- Born: Michael Anthony John Ferguson February 1957 (age 69) County Durham, England
- Known for: research into neglected tropical diseases
- Awards: Fellow of the Royal Society of Edinburgh (1994); Fellow of the Royal Society (2000); Fellow of the Academy of Medical Sciences (2007); Commander of the Order of the British Empire (CBE) (2008); Knight Bachelor (2019);
- Scientific career
- Institutions: University of Dundee
- Website: http://www.lifesci.dundee.ac.uk/people/mike-ferguson

= Michael Ferguson (biochemist) =

British biochemist

Sir Michael Anthony John Ferguson (born February 1957) is a British biochemist and Regius Professor of Life Sciences at the University of Dundee. His research team are based at the School of Life Sciences, University of Dundee.

==Career==

After education at St Peter's School, York, he received a BSc degree in biochemistry from the University of Manchester Institute of Science and Technology in 1979 and a PhD degree in biochemistry by London University in 1982.

He was a postdoctoral fellow at the Rockefeller University, New York (1982–85) and at Oxford University (1985–88).
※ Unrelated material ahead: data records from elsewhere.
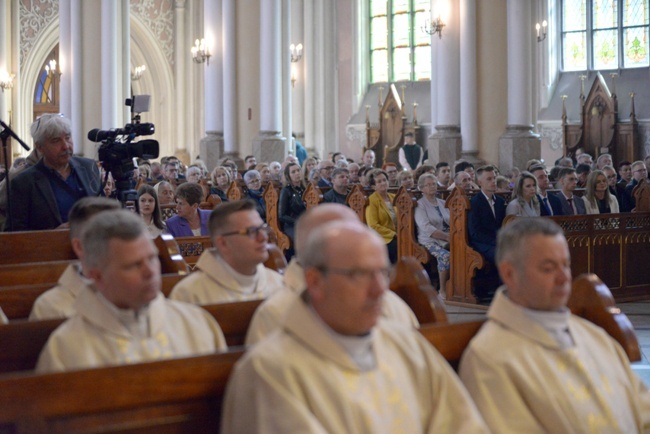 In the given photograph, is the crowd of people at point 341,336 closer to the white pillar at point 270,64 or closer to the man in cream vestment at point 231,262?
the man in cream vestment at point 231,262

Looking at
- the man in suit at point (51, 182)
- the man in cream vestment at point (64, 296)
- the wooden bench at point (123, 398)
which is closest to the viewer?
the wooden bench at point (123, 398)

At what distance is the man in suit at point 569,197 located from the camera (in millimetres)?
9703

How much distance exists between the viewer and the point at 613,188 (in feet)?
36.4

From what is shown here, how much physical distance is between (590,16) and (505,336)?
20.2 meters

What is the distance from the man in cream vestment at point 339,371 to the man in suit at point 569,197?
7212 mm

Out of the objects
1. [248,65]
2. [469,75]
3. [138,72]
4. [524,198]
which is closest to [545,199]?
[524,198]

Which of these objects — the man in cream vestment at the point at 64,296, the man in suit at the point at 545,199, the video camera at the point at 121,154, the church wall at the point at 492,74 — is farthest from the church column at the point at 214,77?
the man in cream vestment at the point at 64,296

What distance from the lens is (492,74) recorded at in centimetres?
1475

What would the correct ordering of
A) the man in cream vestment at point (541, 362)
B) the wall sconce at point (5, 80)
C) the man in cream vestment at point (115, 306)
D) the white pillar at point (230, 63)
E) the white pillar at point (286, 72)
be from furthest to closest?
1. the wall sconce at point (5, 80)
2. the white pillar at point (286, 72)
3. the white pillar at point (230, 63)
4. the man in cream vestment at point (541, 362)
5. the man in cream vestment at point (115, 306)

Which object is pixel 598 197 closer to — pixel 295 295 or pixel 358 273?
pixel 295 295

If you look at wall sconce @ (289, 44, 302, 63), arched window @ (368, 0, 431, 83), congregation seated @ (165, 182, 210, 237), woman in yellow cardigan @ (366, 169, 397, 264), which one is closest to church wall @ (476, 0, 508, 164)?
woman in yellow cardigan @ (366, 169, 397, 264)

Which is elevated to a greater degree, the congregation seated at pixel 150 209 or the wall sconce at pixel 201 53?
the wall sconce at pixel 201 53

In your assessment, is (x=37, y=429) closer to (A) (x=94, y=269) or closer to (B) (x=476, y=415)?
(A) (x=94, y=269)

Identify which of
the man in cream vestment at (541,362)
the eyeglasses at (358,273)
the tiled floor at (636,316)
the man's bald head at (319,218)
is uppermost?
the man's bald head at (319,218) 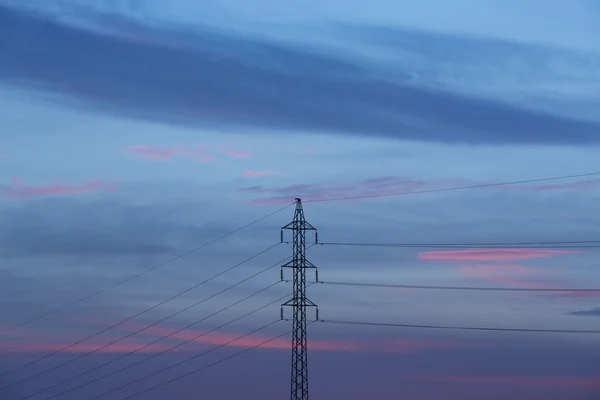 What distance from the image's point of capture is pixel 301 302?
Answer: 99.8 metres

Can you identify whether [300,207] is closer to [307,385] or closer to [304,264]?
[304,264]

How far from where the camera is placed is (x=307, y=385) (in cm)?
9594

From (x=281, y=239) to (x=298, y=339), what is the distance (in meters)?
10.8

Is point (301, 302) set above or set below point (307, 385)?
above

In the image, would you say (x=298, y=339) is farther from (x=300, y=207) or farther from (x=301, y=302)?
(x=300, y=207)

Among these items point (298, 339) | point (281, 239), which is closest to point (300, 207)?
point (281, 239)

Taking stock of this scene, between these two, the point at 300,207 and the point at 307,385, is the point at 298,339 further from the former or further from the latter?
the point at 300,207

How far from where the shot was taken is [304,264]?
101 m

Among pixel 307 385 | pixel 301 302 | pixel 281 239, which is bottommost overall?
pixel 307 385

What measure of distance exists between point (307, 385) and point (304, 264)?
39.9 feet

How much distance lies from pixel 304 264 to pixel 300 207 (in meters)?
5.65

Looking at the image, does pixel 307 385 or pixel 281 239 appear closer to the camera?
pixel 307 385

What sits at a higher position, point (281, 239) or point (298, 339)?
point (281, 239)

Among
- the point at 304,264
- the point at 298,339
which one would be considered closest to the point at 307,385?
the point at 298,339
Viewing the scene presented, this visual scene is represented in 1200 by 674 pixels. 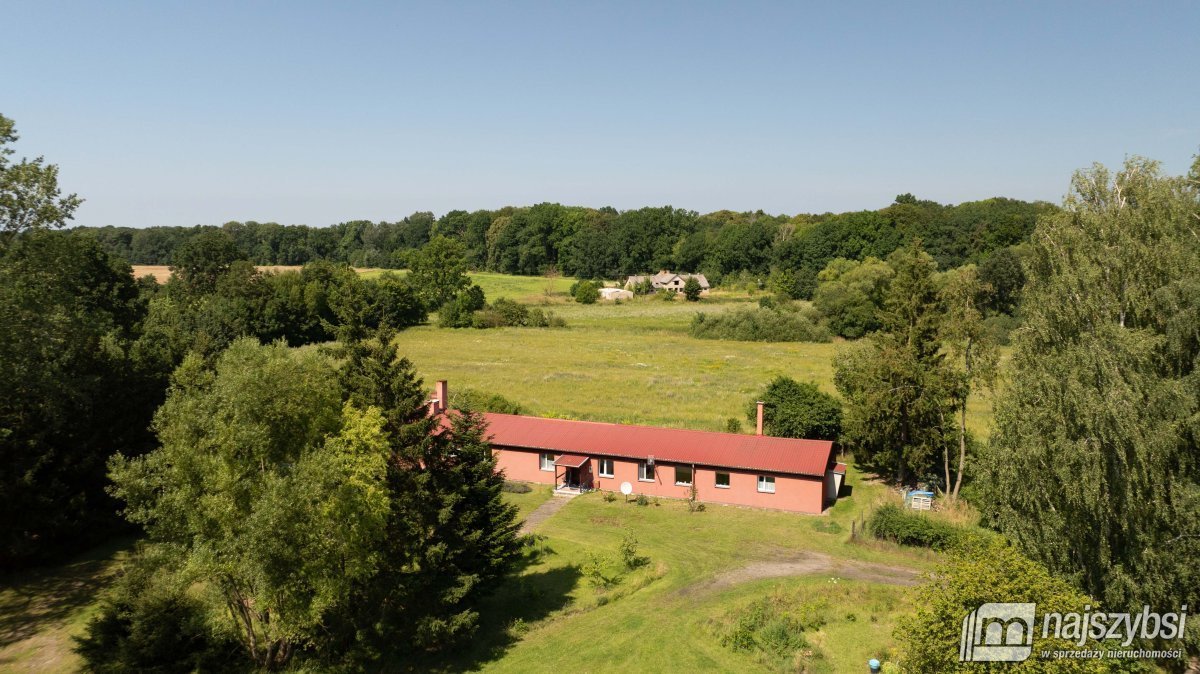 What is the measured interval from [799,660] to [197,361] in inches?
1080

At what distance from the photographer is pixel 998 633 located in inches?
552

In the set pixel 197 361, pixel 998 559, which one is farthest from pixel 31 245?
pixel 998 559

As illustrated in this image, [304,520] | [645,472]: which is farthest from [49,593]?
[645,472]

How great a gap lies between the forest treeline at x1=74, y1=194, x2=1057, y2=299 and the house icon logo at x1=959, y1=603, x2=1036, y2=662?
3958 inches

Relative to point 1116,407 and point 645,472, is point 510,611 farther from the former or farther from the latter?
point 1116,407

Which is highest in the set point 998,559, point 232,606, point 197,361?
point 197,361

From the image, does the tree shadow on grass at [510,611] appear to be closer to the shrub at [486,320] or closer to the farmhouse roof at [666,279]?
the shrub at [486,320]

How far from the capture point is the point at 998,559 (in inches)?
589

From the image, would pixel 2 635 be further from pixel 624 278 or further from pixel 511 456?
pixel 624 278

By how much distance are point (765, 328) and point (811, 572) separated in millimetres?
64857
He then accepted a lectureship at the University of Dundee and was promoted to Professor of Molecular Parasitology in 1994. He became Dean of Research for the School of Life Sciences at the University of Dundee in 2007, a position he held until 2014. He was a member of the board of governors of the Wellcome Trust (2012–2021), also serving as Deputy Chair (2018–2021).

He is a member of the board of directors of the Medicines for Malaria Venture.

==Honours and awards==
- 1991: awarded Colworth Medal by the Biochemical Society to "the most promising young biochemist under 35"
- 1993-98: Howard Hughes International Research Scholarship
- 1994: elected a fellow of the Royal Society of Edinburgh
- 1996: awarded Makdougall Brisbane Prize of the Royal Society of Edinburgh for "particular distinction in the promotion of scientific research".
- 1999: International Glycoconjugate Organisation Award. A biennial award made to "a scientist who has clearly advanced the field of glycoscience and shows promise of continuing advancements".
- 1999: elected a member of The European Molecular Biology Organisation).
- 2000: elected a Fellow of The Royal Society (London).
- 2006: awarded the C.A. Wright Medal of the British Society for Parasitology.
- 2007: elected a Fellow of The Academy of Medical Sciences
- 2008: invested Commander of the Order of the British Empire (CBE) for services to science.
- 2012: appointed a member of the Board of Governors of The Wellcome Trust
- 2013: appointed Regius Professor of Life Sciences
- 2019: invested Knight Bachelor for services to science.